In this article, I’ll cover text-shadow and box-shadow. Both are very similar and quite easy to use. To be able to view the example, you need to use a CSS3 compatible browser.

Text-shadow

This property will put a shadow under your text… Used wisely it can give the subtle touch that makes a design stand out. The CSS declaration should be as follow:

h1 {
text-shadow: #999 1px 1px 0px;
}

The four value are:

  1. Color of the shadow. Accepeted values are hex, rgb, rgba. I’ll discuss RGBA in the next article.
  2. X-Coordinate of the shadow relative to the text. A positive value will push it down, a negative value will pull it up.
  3. Y-Coordinate of the shadow relative to the text. A positive value will push it right, a negative value will pull it left.
  4. Blur of the shadow. The higher the value, the more blury the shadow. Don’t make it too high as it can make the text difficult to read. 0px or 1px is usually perfect!
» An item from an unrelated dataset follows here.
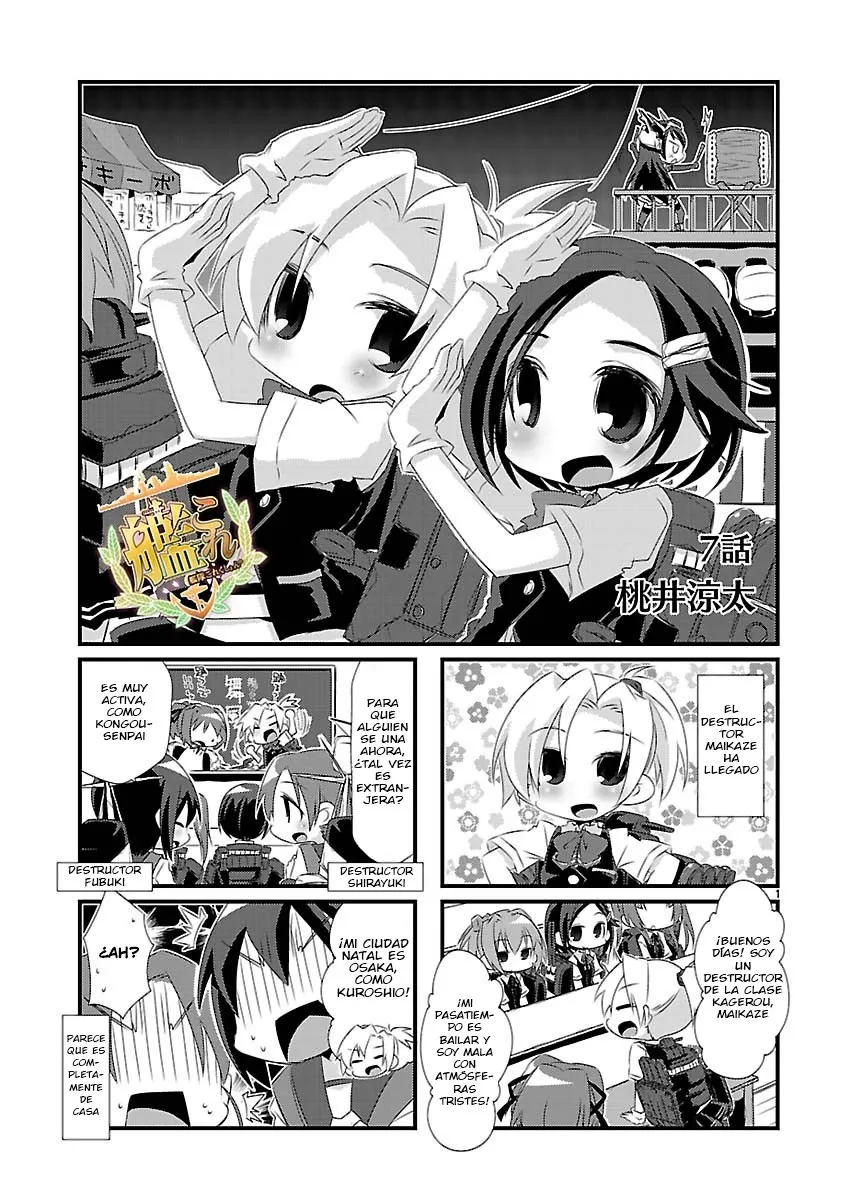 Kantai Collection 4-koma Comic: Fubuki- Ganbarimasu! Capítulo 7 en Línea - página 1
Check out an example here. It should work in Firefox, Opera, Safari, WebKit, Chrome, you get it!

Box-Shadow

This property is very similar to text-shadow. It takes the same values, the only difference is that for now, you need to define it with browser specific prefix. The CSS declaration should be as follow:

#content {
  box-shadow: #000 2px 2px 15px;
  -moz-box-shadow: #000 2px 2px 15px;
  -webkit-box-shadow: #000 2px 2px 15px;
}

You see “-moz” and “-webkit”, those are the browser specific prefixes I was talking about. According to Michael Ventnor, the prefixes are not needed with text-shadow because they were part of CSS2.0 and got dropped in CSS2.1. Box-shadow needs the prefixes because it is part of CSS3.

Once CSS3 support will be final in the browsers the prefixes should be dropped. That’s also why I include a “box-shadow” without any prefix, for future support, this way you ensure your style will still be visible properly once the browsers drop the prefix.

Check out an example here. It should work in Firefox, Safari, WebKit, Chrome, you get it!

Bottom line

You can start using those properties right now, but make sure your design doesn’t rely on them as the properties are not widely supported yet. A browser that doesn’t support them won’t display any shadow, so it degrades gracefully.

It can be nice to start using this right now as it can make your life significantly easier, not having to play with PNGs to have shadows is a big plus and you can save some kilobytes on page sizes.

Just be careful if you start using this on clients website, I personally wouldn’t recommend it as clients often expect websites to be the same across all browsers. If your clients are open enough to let you play with this, then you’re in luck!